• _PROBLEM TO SOLVE_
Print the lines that run from the line with "Kakamora Topps 2026" to the line with "マツダ CX-80(KL5/KL3系)用 235/50R20", keeping both end lines, exactly as they appear in the entries below, and nothing else.

*** DATA EXCERPTS ***

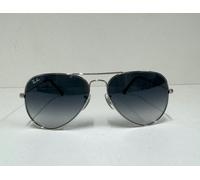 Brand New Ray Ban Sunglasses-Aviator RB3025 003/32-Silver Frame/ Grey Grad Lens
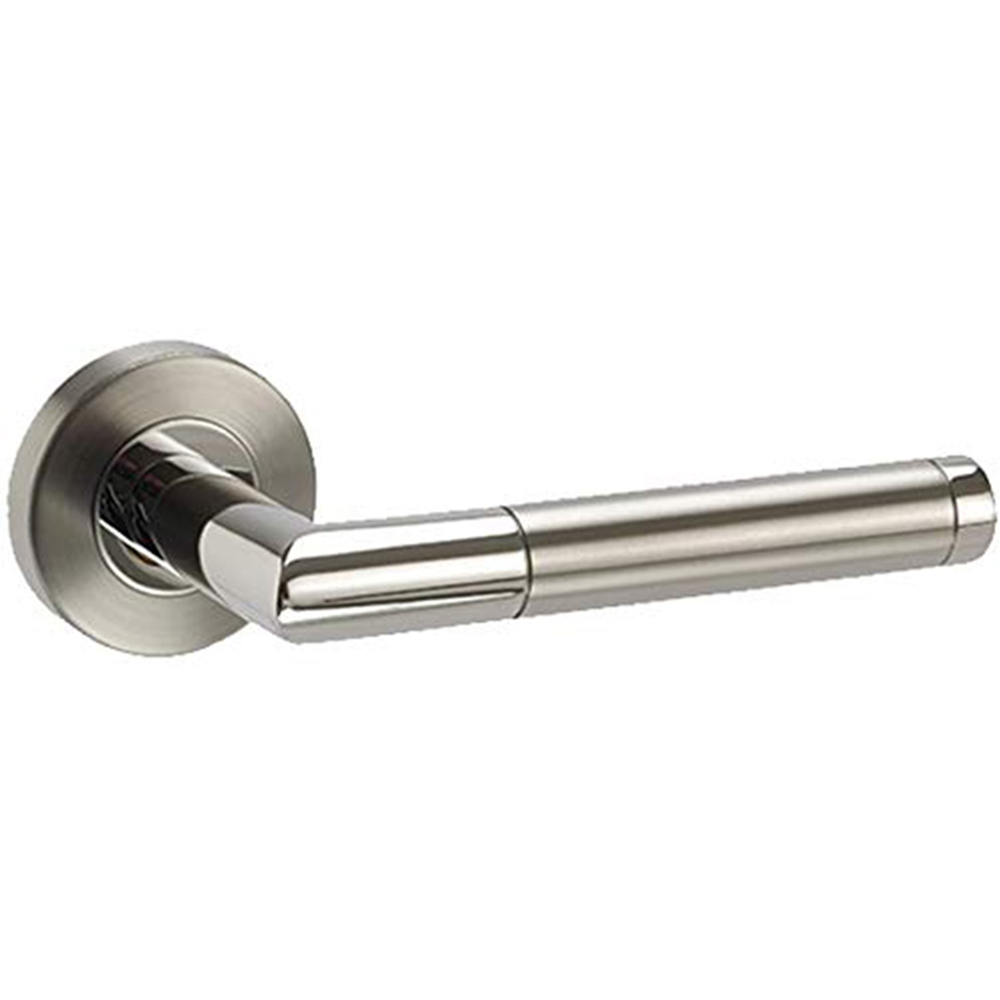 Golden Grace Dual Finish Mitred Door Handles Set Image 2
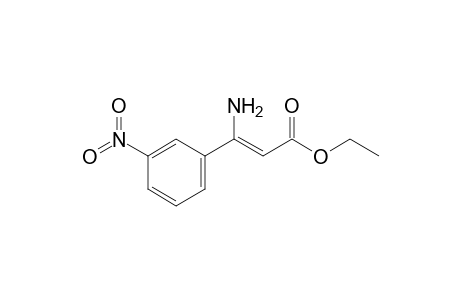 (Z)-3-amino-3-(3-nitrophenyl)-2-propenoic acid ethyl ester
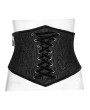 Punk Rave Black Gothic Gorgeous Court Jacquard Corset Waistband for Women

***
*** DATA EXCERPTS ***

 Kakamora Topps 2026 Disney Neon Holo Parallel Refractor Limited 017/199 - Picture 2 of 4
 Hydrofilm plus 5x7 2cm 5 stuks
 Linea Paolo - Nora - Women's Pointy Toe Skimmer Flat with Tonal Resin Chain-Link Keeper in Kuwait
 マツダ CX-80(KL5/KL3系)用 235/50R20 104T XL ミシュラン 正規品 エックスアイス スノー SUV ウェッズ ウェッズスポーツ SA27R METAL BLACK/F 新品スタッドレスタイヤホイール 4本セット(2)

***

• _SOLUTION TO THIS PROBLEM_
 Kakamora Topps 2026 Disney Neon Holo Parallel Refractor Limited 017/199 - Picture 2 of 4
 Hydrofilm plus 5x7 2cm 5 stuks
 Linea Paolo - Nora - Women's Pointy Toe Skimmer Flat with Tonal Resin Chain-Link Keeper in Kuwait
 マツダ CX-80(KL5/KL3系)用 235/50R20 104T XL ミシュラン 正規品 エックスアイス スノー SUV ウェッズ ウェッズスポーツ SA27R METAL BLACK/F 新品スタッドレスタイヤホイール 4本セット(2)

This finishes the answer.